Captioned web image data:
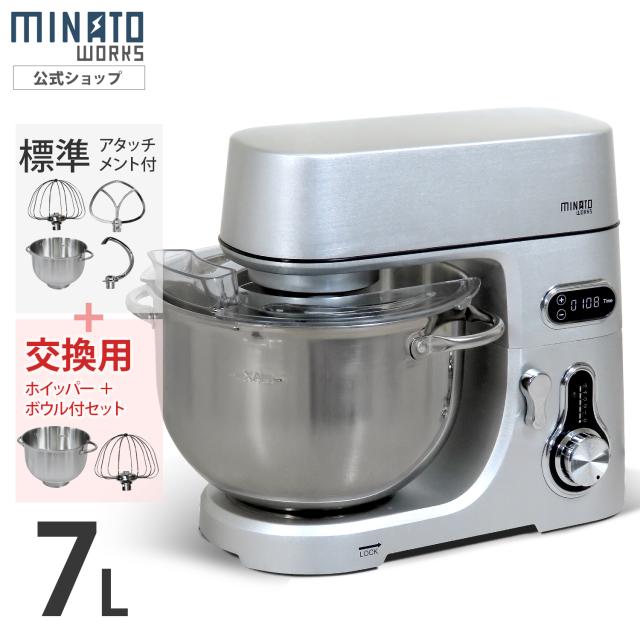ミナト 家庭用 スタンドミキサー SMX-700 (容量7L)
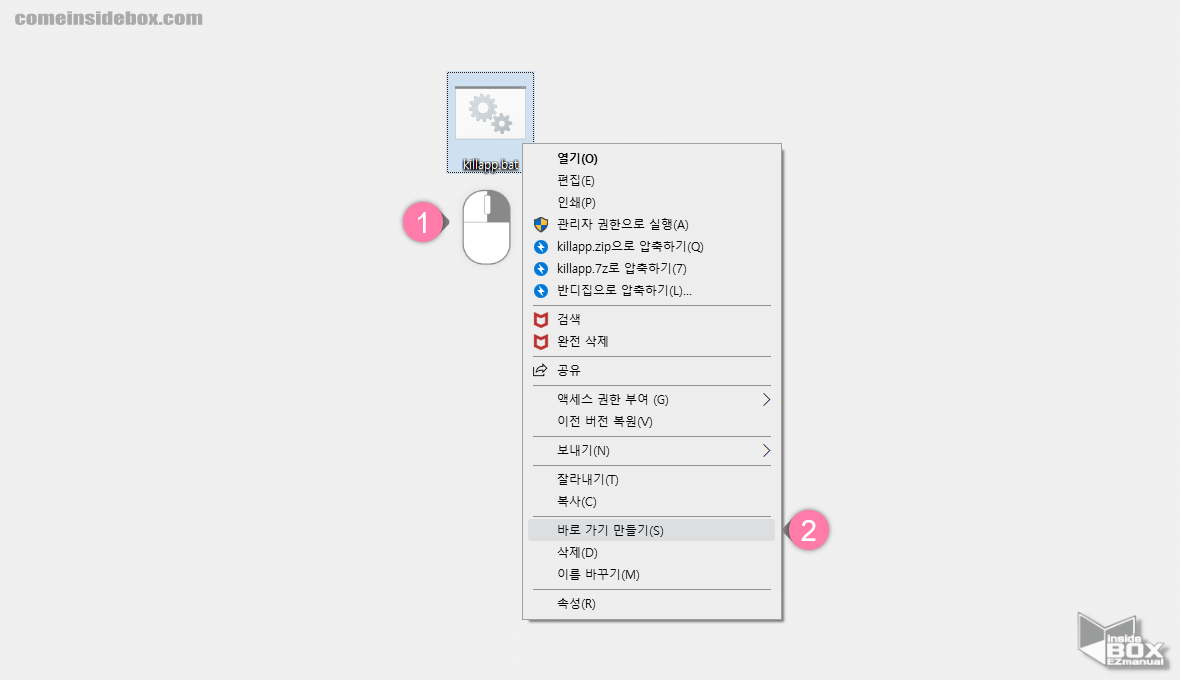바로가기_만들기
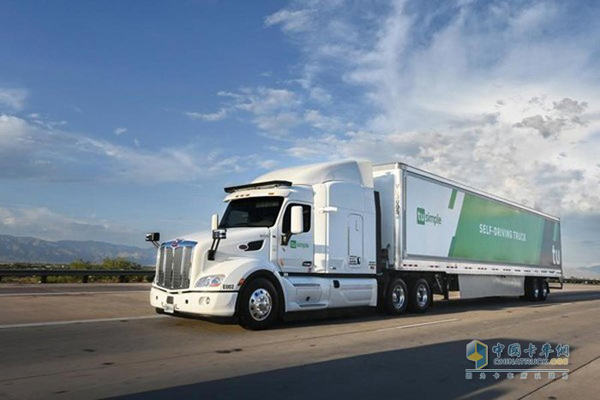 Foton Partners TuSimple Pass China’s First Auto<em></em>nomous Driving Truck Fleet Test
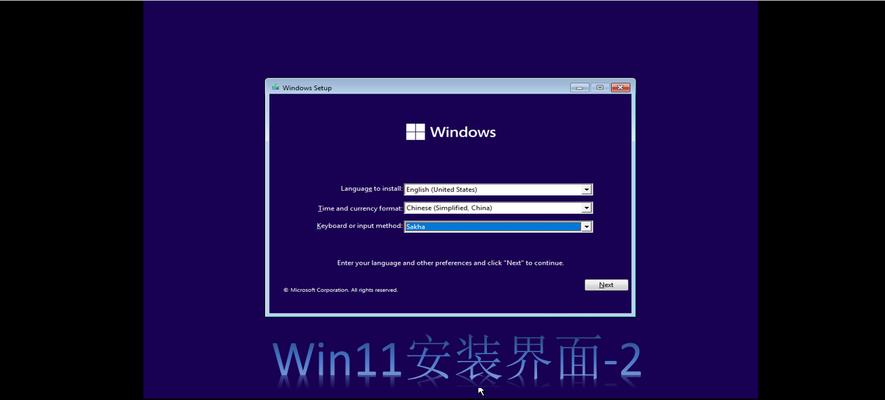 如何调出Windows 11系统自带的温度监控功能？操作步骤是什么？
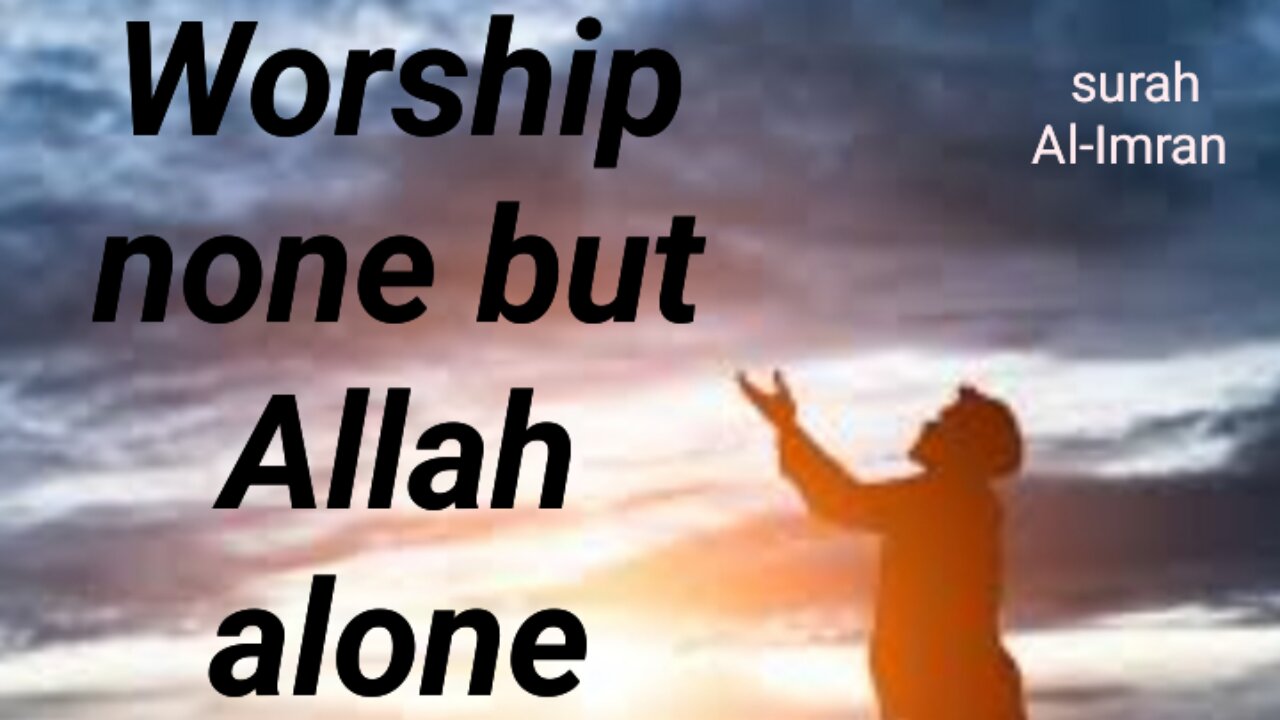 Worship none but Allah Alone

> [Action item]: The data above should be repeated in full and exactly, with no pictures carried over.

> [Task solution]:
ミナト 家庭用 スタンドミキサー SMX-700 (容量7L)
바로가기_만들기
 Foton Partners TuSimple Pass China’s First Auto<em></em>nomous Driving Truck Fleet Test
 如何调出Windows 11系统自带的温度监控功能？操作步骤是什么？
 Worship none but Allah Alone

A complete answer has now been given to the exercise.